## WHAT TO PRODUCE
Once the line holding "Envía la UAT" is found in the listing below, write it out and each later line exactly, up to and including the one holding "Creioane colorate bic 12 bucati - Imagine 1".

━━━ PROVIDED INFORMATION ━━━

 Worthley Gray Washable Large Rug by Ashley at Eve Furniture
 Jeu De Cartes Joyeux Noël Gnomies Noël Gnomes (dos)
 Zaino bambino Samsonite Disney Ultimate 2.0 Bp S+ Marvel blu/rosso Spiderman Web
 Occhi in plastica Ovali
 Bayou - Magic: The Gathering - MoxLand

━━━
━━━ PROVIDED INFORMATION ━━━

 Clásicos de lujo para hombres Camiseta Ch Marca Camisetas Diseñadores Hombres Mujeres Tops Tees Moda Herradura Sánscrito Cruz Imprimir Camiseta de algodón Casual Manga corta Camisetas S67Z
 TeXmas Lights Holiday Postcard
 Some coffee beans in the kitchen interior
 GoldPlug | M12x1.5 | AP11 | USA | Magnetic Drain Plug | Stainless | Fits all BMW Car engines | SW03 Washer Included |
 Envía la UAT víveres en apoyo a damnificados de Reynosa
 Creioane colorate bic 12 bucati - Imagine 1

━━━
━━━ PROVIDED INFORMATION ━━━

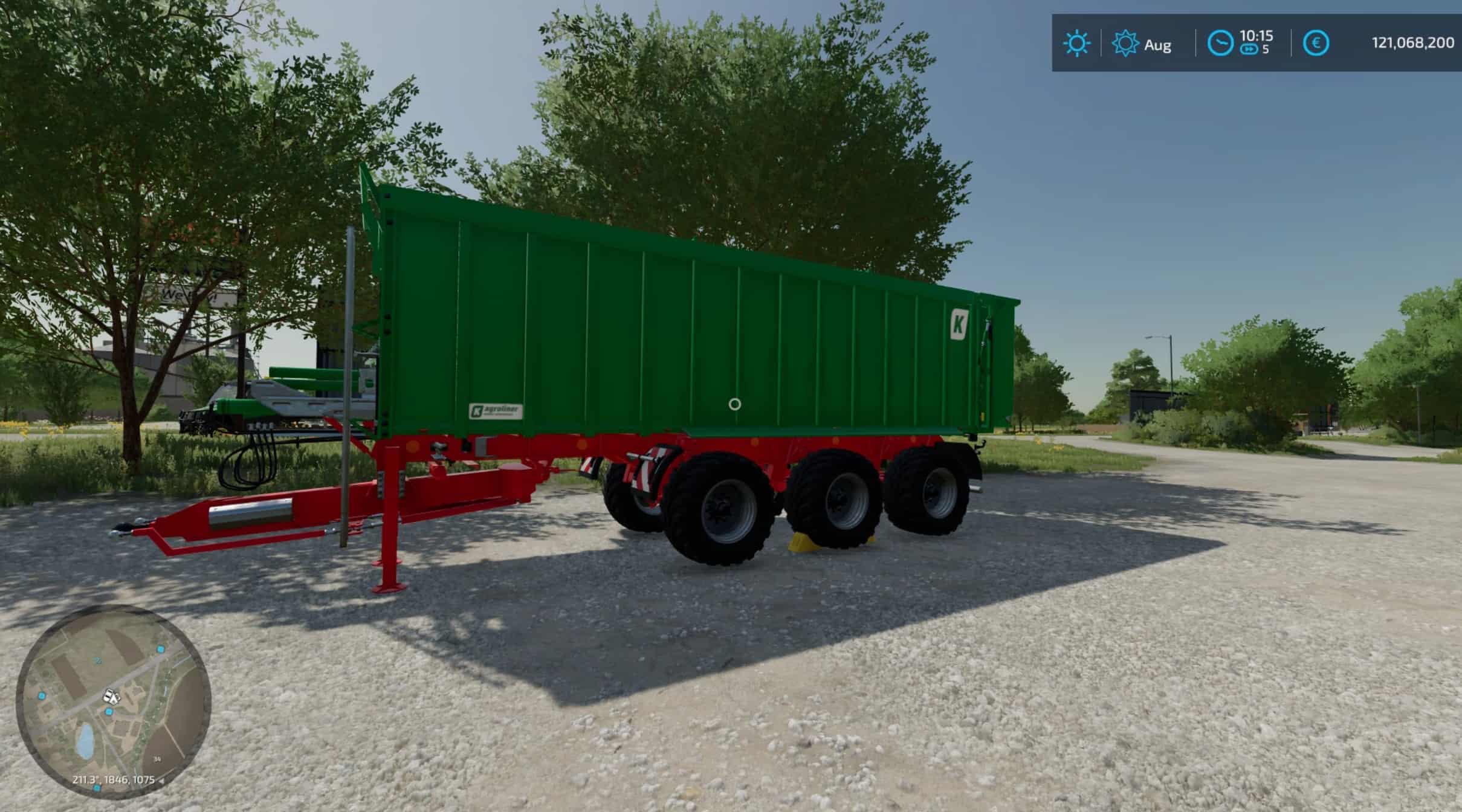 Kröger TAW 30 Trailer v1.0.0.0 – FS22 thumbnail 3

━━━

## TASK ANSWER
 Envía la UAT víveres en apoyo a damnificados de Reynosa
 Creioane colorate bic 12 bucati - Imagine 1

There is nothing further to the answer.